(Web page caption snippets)
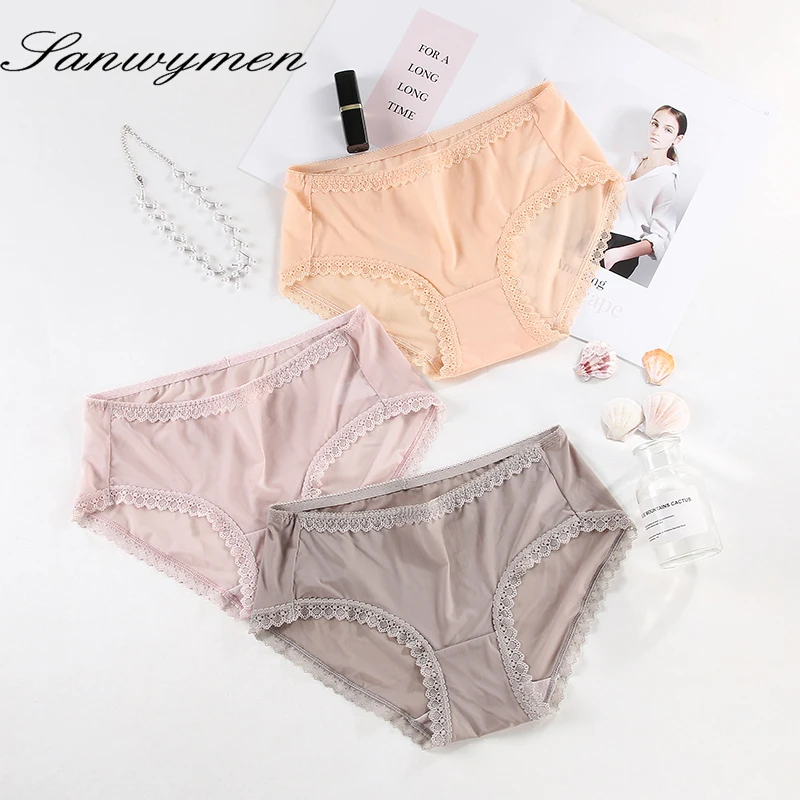 underwear women Hot Sale Summer Style Sexy ice silk Seamless Panties Briefs soft High elasticity Intimates new 2019 ST-1931
underwear women Hot Sale Summer Style Sexy ice silk Seamless Panties Briefs soft High elasticity Intimates new 2019 ST-1931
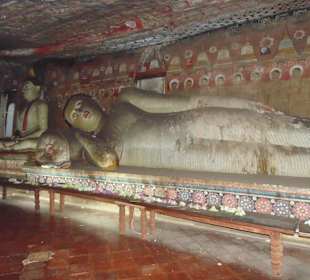 Höhle in Dambulla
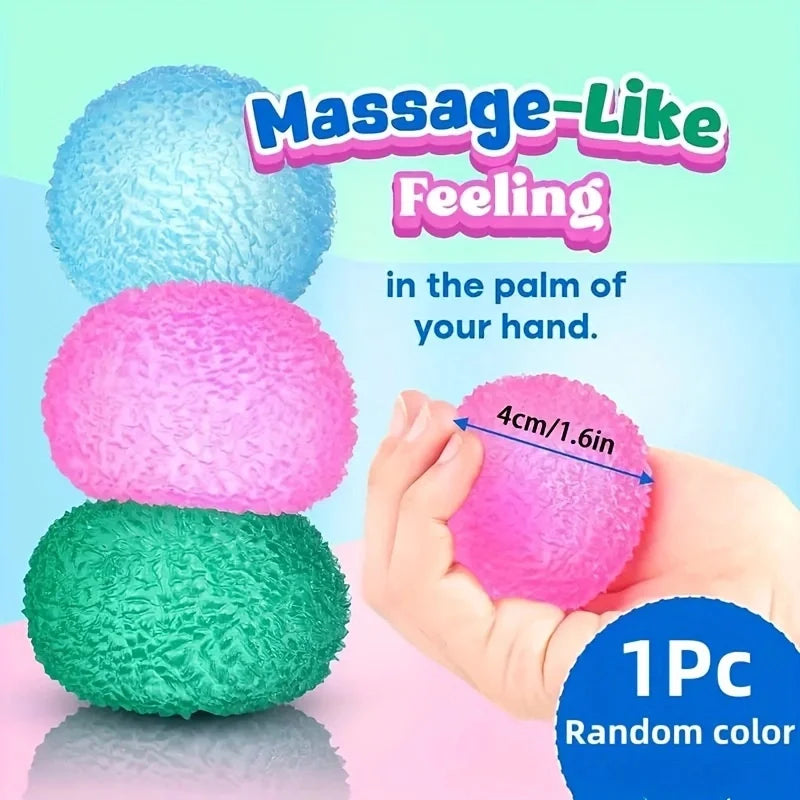 Squishy Multicolor Ice Ball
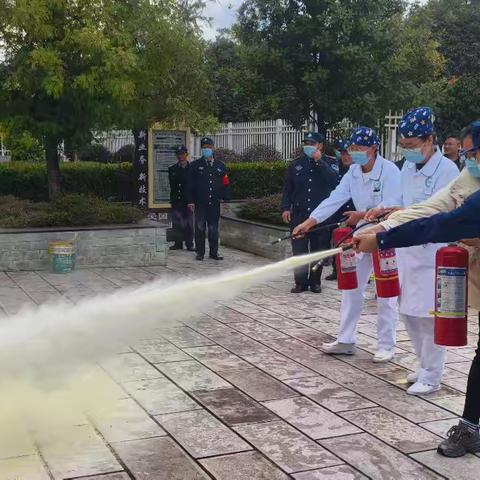 医院安全双守护：消防培训与医护工作的协同力量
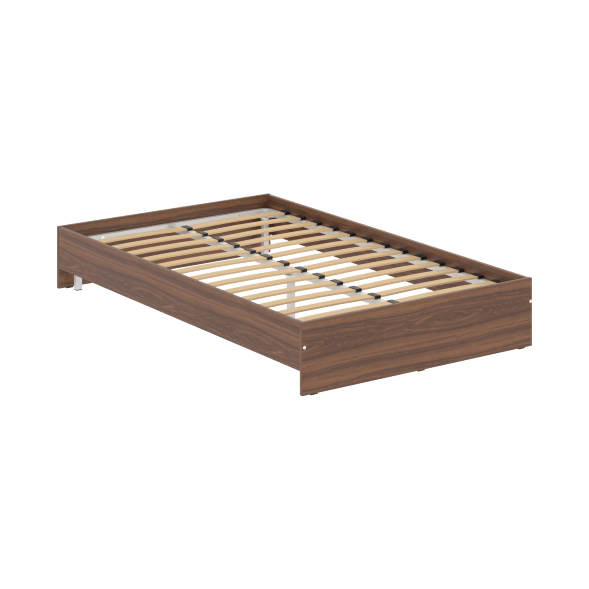 Кровать без изголовья MBW 2012 1244х2044х300 MUAR в Нижнем Новгороде 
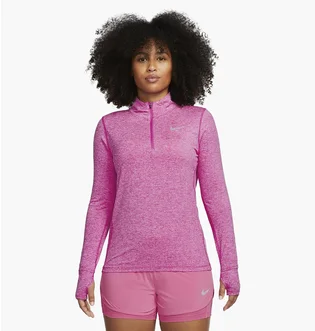 Лонгслив женский Nike Df Element Top Hz Pink Cu3220-623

Activity:
What is needed is an exact copy of the lines from the line with "医院安全双守护：消防培训与医护工作的协同力量" to the end of the data above, both included, without any pictures.

Output of the task:
 医院安全双守护：消防培训与医护工作的协同力量
 Кровать без изголовья MBW 2012 1244х2044х300 MUAR в Нижнем Новгороде 
 Лонгслив женский Nike Df Element Top Hz Pink Cu3220-623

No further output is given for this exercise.